Yale, Leff

Leff Yale was born on December 7th, 1923 and grew up on the family farm in Calvert Maryland, which at that time had a Nottingham, Pennsylvania mailing address.  Leff was the third of nine children.

Leff enlisted in the Navy in 1940 with his parent’s permission. He received basic training at Great Lakes, and was assigned to USS Quincy CA- 39, a heavy cruiser of the New Orleans Class (sometimes referred to as the Astoria Class.) Three other Chester Countians were also on the ship: John Horshock and Charles Foy from Coatesville, and Tommy Vadine from Downingtown. In such a large ship and such a short time they never met Leff.

After leaving New York Harbor, USS Quincy transited through the Panama Canal to San Diego in June, then to the South Pacific as flagship of the cruiser force.  Quincy destroyed several Japanese installations during a bombardment, and then provided close fire support during the Marine Corps landing at Guadalcanal on August 7, 1942. 

The Japanese Navy reacted to our landing on Guadalcanal and Tulagi, on August 8th, and sailed down “The Slot” (passage through the middle of the Solomon Islands).  Though forewarned, our cruiser – destroyer covering force was unprepared.  The two opposing forces were virtually equal and this was the first major naval surface action against the Japanese Navy.  The result was the Battle of Savo Island, which began shortly after midnight on August 9th and which became one of the worst defeats for our Navy.  USS Quincy and the cruisers USS Astoria, USS Vincennes as well as the Australian cruiser HMAS Canberra were sunk, with no losses to the Japanese.  The Quincy took the worst beating, “but in the opinion of the Japanese put up the best fight of any allied ship that night.” Because of these losses and many more to come, the sound between Guadalcanal and Savo Island became referred to as “Iron Bottom Sound.”  Our Navy learned hard lessons and made changes, but at the high cost of many lives.

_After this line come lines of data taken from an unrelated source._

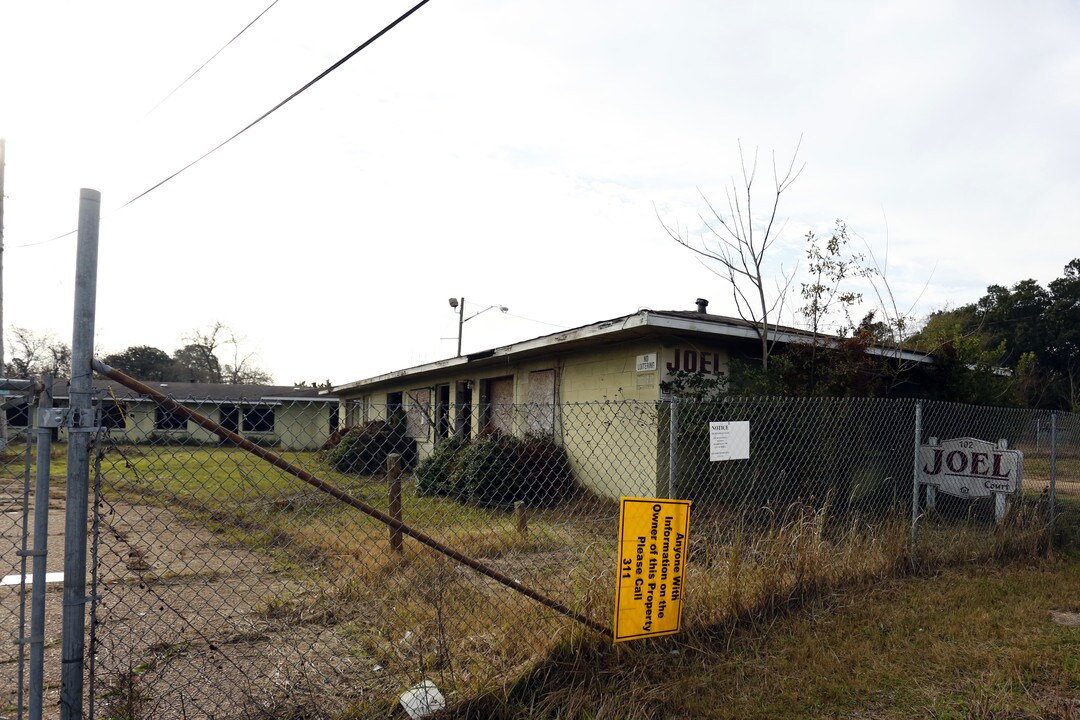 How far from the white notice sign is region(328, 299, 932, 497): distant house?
2101 mm

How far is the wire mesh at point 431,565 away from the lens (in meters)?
3.38

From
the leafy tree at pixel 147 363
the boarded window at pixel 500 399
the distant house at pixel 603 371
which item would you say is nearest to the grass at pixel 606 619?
the distant house at pixel 603 371

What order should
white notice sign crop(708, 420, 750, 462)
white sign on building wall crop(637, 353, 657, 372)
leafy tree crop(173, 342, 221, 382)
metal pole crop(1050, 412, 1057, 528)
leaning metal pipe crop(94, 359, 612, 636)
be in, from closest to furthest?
leaning metal pipe crop(94, 359, 612, 636), white notice sign crop(708, 420, 750, 462), metal pole crop(1050, 412, 1057, 528), white sign on building wall crop(637, 353, 657, 372), leafy tree crop(173, 342, 221, 382)

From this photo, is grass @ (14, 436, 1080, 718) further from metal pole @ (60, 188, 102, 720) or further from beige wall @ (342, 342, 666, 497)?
beige wall @ (342, 342, 666, 497)

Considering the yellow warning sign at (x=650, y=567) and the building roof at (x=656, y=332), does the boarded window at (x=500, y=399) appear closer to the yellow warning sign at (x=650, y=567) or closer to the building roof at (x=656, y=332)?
the building roof at (x=656, y=332)

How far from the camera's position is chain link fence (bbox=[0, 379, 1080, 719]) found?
3307mm

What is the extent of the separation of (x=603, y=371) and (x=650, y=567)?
6756mm

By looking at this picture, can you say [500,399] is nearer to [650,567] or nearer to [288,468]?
[650,567]

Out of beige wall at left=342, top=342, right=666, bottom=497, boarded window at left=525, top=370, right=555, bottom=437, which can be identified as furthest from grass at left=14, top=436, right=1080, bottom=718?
boarded window at left=525, top=370, right=555, bottom=437

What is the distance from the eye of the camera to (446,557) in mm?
4238

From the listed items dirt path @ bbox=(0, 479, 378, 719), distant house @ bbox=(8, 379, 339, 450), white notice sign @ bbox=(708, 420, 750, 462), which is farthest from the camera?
white notice sign @ bbox=(708, 420, 750, 462)

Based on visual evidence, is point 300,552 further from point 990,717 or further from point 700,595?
point 990,717

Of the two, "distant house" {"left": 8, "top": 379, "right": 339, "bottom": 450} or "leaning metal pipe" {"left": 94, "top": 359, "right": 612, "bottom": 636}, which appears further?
"distant house" {"left": 8, "top": 379, "right": 339, "bottom": 450}

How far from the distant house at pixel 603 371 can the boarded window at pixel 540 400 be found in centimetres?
2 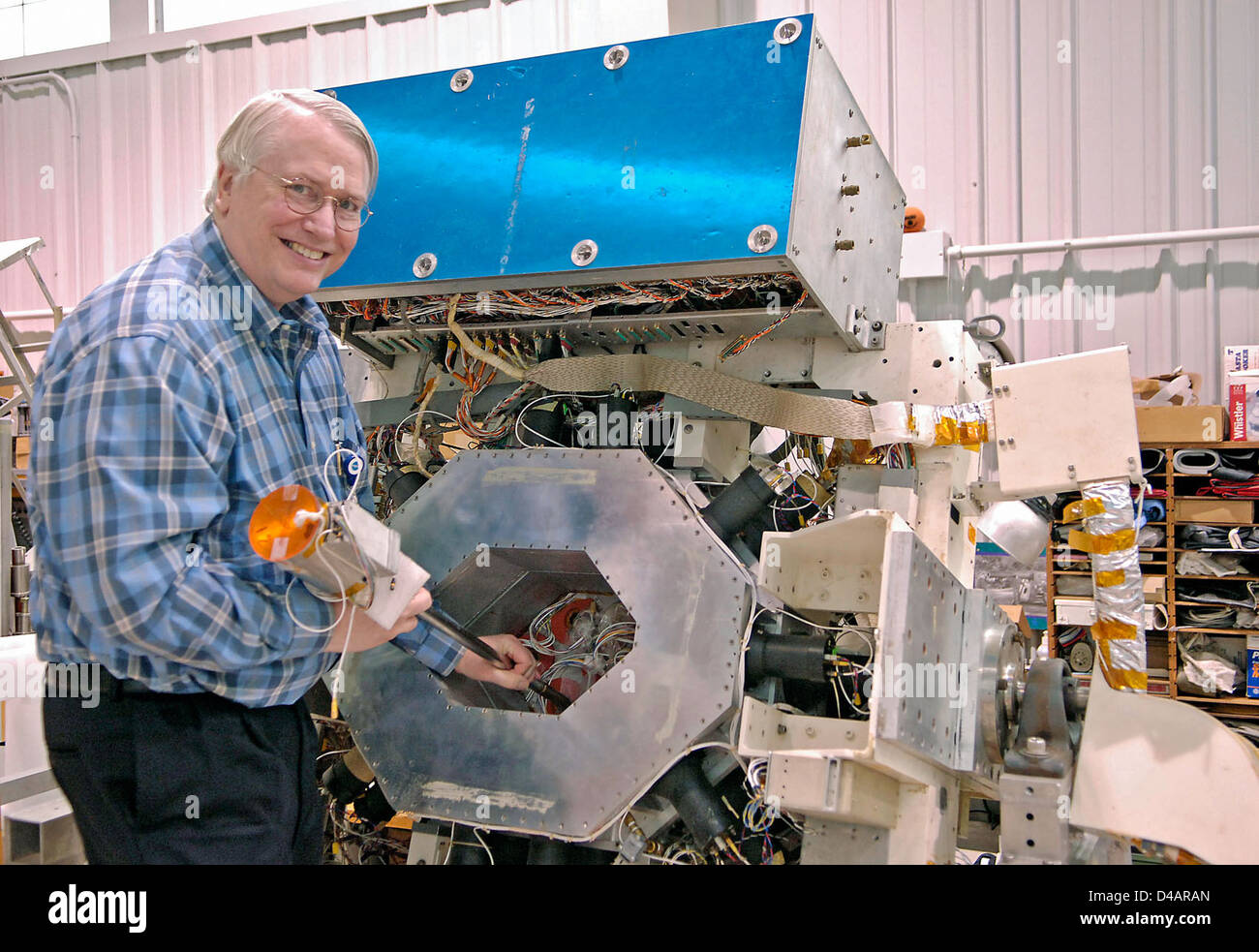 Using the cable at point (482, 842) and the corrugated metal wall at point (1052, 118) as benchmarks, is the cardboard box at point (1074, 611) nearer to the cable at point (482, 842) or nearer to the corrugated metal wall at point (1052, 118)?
the corrugated metal wall at point (1052, 118)

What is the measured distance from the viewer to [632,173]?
6.53ft

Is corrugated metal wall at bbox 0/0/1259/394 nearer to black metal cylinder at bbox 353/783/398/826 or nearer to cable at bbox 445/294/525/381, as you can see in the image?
cable at bbox 445/294/525/381

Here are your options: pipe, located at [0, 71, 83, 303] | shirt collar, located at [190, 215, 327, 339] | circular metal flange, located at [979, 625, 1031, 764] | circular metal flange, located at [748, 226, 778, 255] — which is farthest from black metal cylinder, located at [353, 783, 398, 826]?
pipe, located at [0, 71, 83, 303]

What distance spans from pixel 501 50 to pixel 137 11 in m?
2.93

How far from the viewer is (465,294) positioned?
2225 millimetres

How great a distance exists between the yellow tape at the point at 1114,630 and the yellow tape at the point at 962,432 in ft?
1.46

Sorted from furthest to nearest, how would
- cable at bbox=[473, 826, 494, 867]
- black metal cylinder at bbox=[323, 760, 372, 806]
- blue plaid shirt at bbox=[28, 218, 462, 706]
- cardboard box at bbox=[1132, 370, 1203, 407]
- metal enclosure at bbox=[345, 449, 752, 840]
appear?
cardboard box at bbox=[1132, 370, 1203, 407] → black metal cylinder at bbox=[323, 760, 372, 806] → cable at bbox=[473, 826, 494, 867] → metal enclosure at bbox=[345, 449, 752, 840] → blue plaid shirt at bbox=[28, 218, 462, 706]

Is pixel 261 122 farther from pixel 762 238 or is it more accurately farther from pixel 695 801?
pixel 695 801

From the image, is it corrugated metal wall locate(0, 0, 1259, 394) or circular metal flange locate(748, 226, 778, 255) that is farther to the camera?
corrugated metal wall locate(0, 0, 1259, 394)

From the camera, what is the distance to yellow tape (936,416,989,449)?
2.05 meters

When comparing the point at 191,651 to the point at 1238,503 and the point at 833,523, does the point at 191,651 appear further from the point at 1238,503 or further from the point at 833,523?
the point at 1238,503

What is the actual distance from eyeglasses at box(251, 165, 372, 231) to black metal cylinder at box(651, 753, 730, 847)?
1211 millimetres

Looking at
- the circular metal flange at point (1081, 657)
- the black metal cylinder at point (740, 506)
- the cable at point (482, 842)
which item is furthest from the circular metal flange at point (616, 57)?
the circular metal flange at point (1081, 657)

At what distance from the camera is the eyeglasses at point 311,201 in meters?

Leff and John were killed, Charles and Tommy survived the ship’s sinking.  *See Survivor Notes for more information.

Leff was officially listed as Missing in Action October 3, 1942 and later the designation was changed to “Killed in Action.”  Leff’s body was not recovered.  A memorial marker was placed in a military cemetery in Manila, Philippines.

Seaman First Class Leff Yale was awarded the Purple Heart, WW II, Asiatic Pacific Campaign, Fleet American Defense, and American Campaign Medals.


*Survivor Notes

  • Charles Foy passed away on July 23rd, 2002.
  • Tommy Vadine married Antoinette Duca, whose brother Tony, and nephews James and Dominick Marinelli are also on our Hall of Heroes Memorial.